● **Task to carry out**: The listing below should be reproduced exactly, with the pictures omitted.

● **Supplied information**:
= = = = = = =
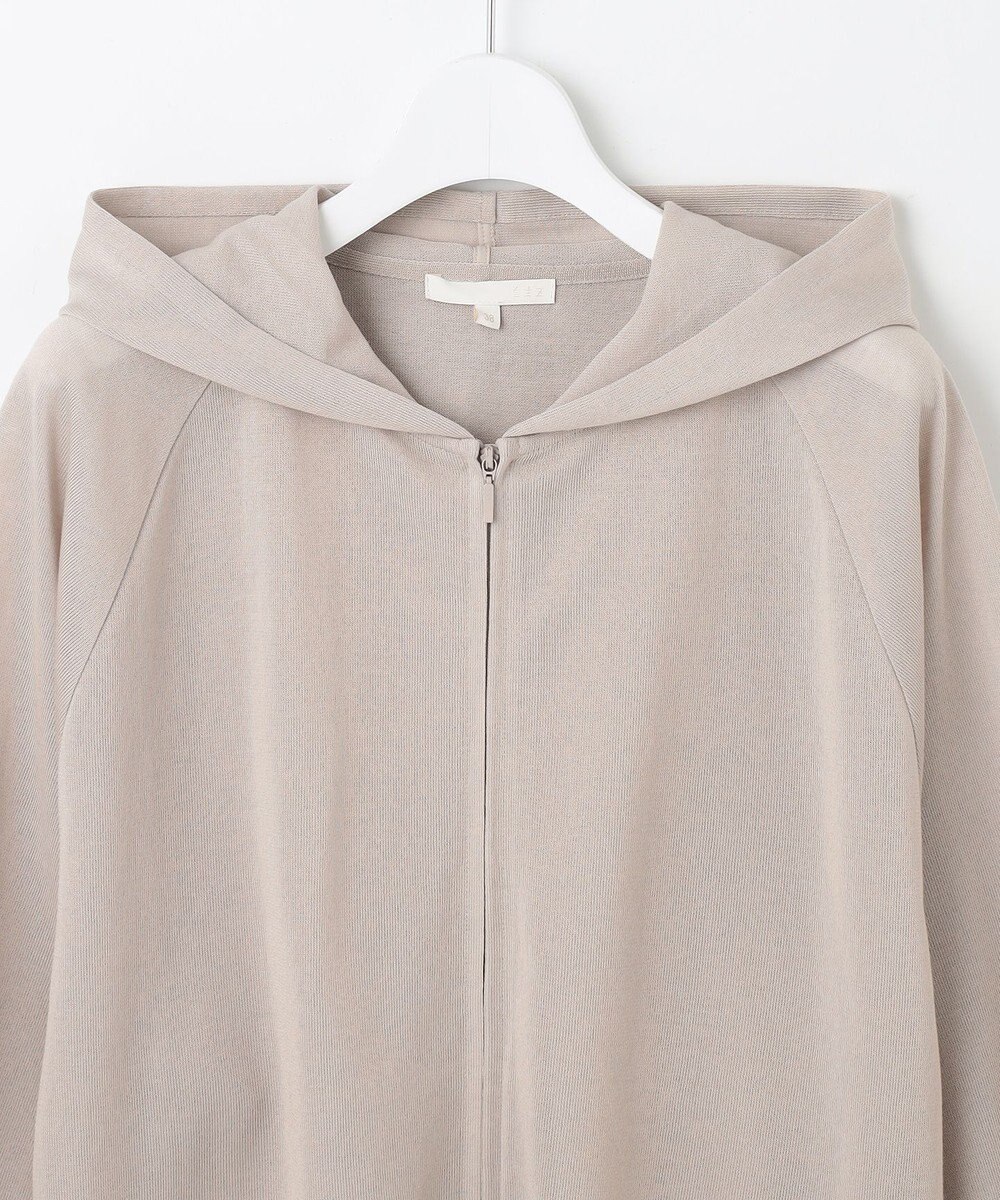 自由区 L 【接触冷感・UVケア・洗える】ファンクショナルジップアップ パーカー 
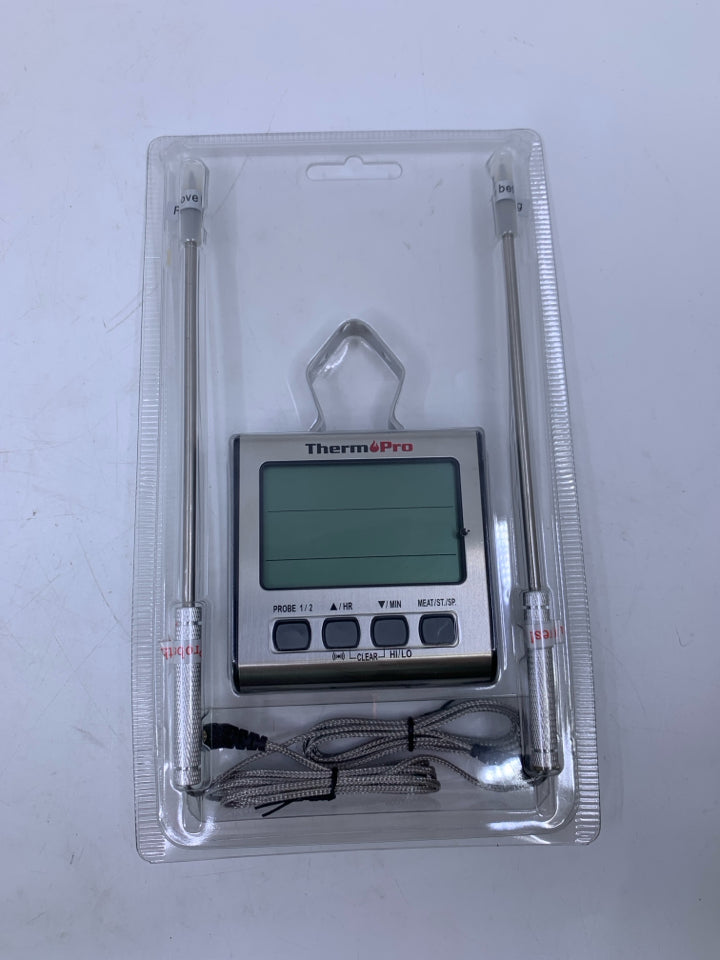 NEW THERMPRO PROLONG DUAL PROBE DITGITAL GRILL BBQ FOOD OVEN SMOKER.
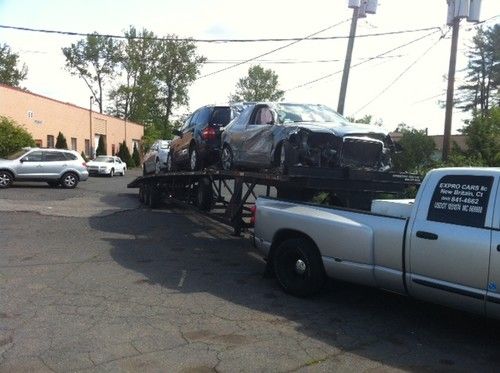 2007 dodge ram 3500 diesel 5.9 6spd crew cab with 3 car trailer comes as a set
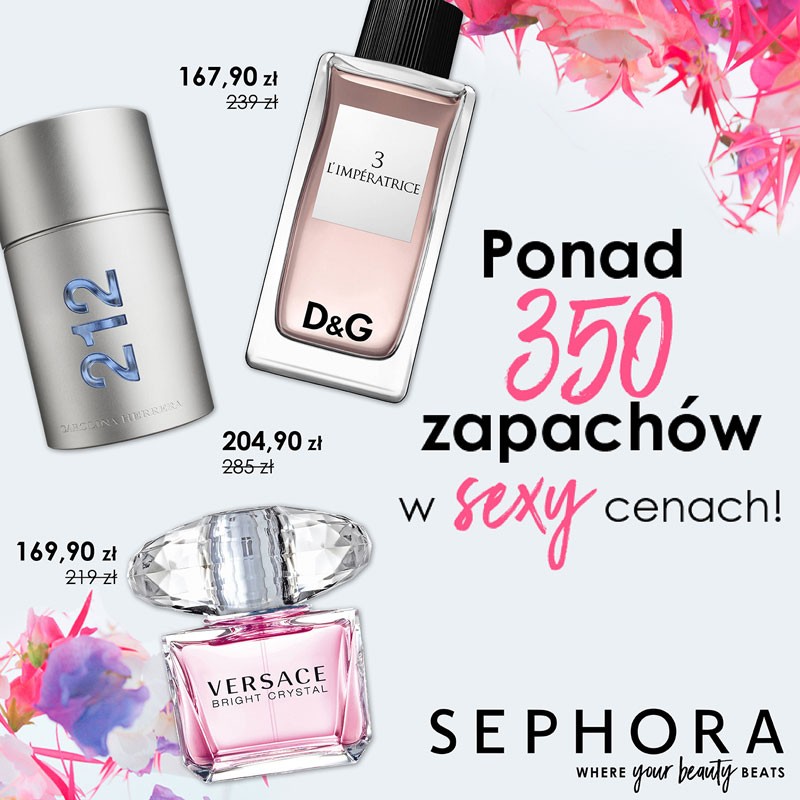 SEPHORA SEXY CENY Na Zapachy Silesia City Center Katowice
= = = = = = =
● **Solution for this exercise**:
 自由区 L 【接触冷感・UVケア・洗える】ファンクショナルジップアップ パーカー 
 NEW THERMPRO PROLONG DUAL PROBE DITGITAL GRILL BBQ FOOD OVEN SMOKER.
 2007 dodge ram 3500 diesel 5.9 6spd crew cab with 3 car trailer comes as a set
 SEPHORA SEXY CENY Na Zapachy Silesia City Center Katowice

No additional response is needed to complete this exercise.